GOP Rep. Dave Brat, a member of the Freedom Caucus, referred to the 2015 repeal legislation as "the only politically expedient piece to push."
"If you add anything to it, the Senate probably flies away," Brat said.
"Let's just call it a hunch," said GOP Rep. Trent Franks added.
One GOP source familiar with the vote told CNN: "There's no reason we shouldn't be able to pass this ASAP -- there's also no reason we should send anything less to President Trump's desk than we did Obama's. No need to reinvent the wheel."
But since President Donald Trump's inauguration, many congressional Republicans have asked party leaders to slow down the repeal efforts to ensure that a consensus is reached on an Obamacare alternative. Top Republicans are still weeks away from completing a repeal legislation, which now aims to include various replacement measures.
Republicans have previously used the budget reconciliation process to repeal major portions of Obamacare (in 2015, it was vetoed by President Barack Obama).

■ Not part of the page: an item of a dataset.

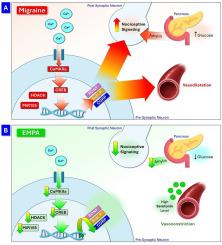 Intranasal empagliflozin modulates synaptic plasticity in migraine: Insights into calcium signaling and epigenetic regulation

Conservative House Republicans have become more vocal in recent days in pressing GOP leaders to move that same 2015 repeal bill rather than taking more time to craft a new version.

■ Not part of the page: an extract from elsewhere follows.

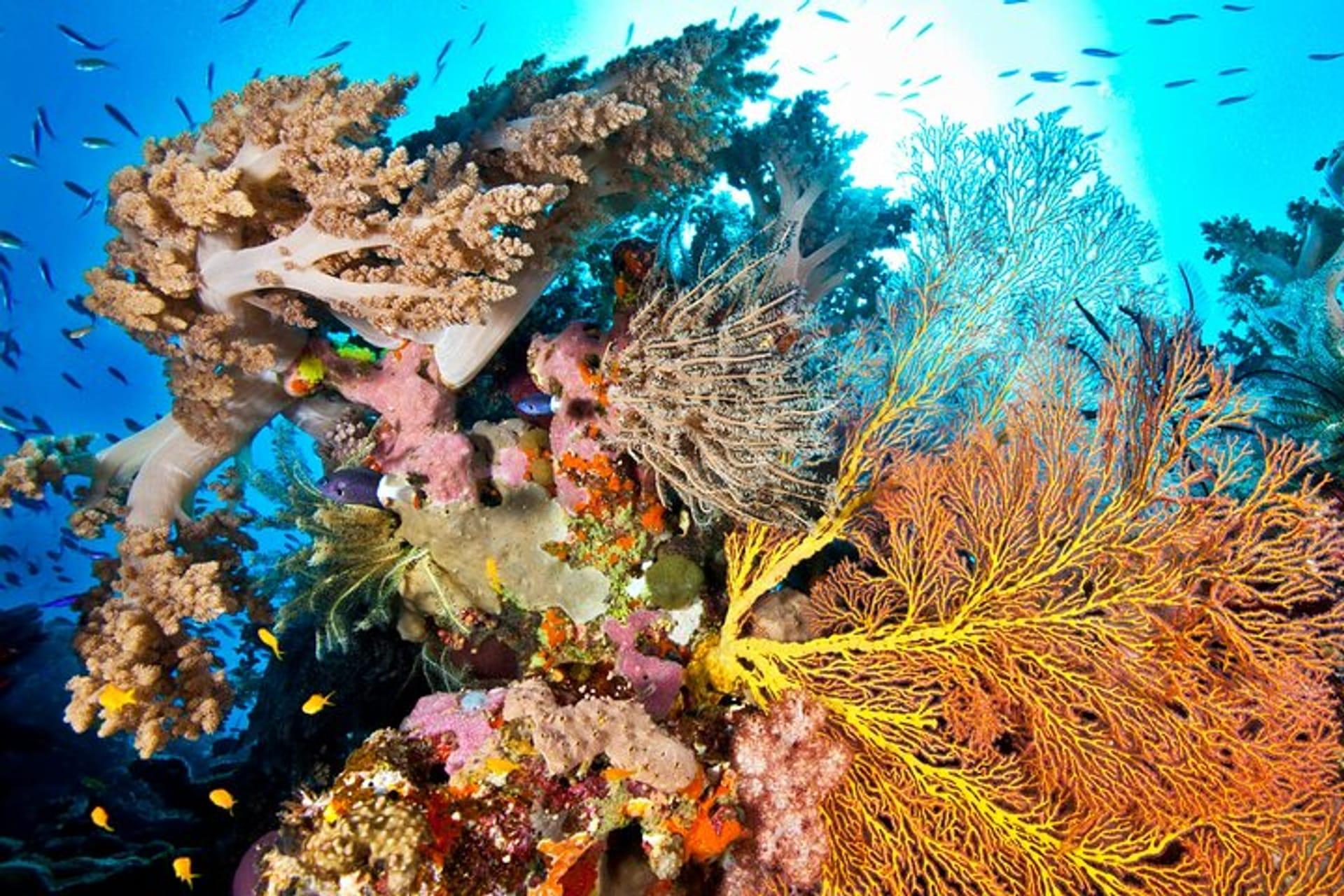 Kızıldeniz'in İncisi Sharm El Sheikh: Gezilecek Yerler ve Tatil Rehberi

"For goodness sake, we should be able to put something on President Trump's desk that's at least as good as what we put on President Obama's desk. Not something watered down," Rep. Jim Jordan, R-Ohio, told CNN
in a recent interview. "Let's repeal it. Let's do what the voters sent us here to do."
In a meeting Tuesday morning, House leaders announced to colleagues that there will be an all-conference policy planning meeting on Thursday to continue the repeal and replace discussions, according to source in the room. At the Tuesday gathering, Walden, along with Rep. Kevin Brady, the chairman of the House Ways and Means Committee, presented on replacement plans, and plan to get into more of the details on Thursday, that source added.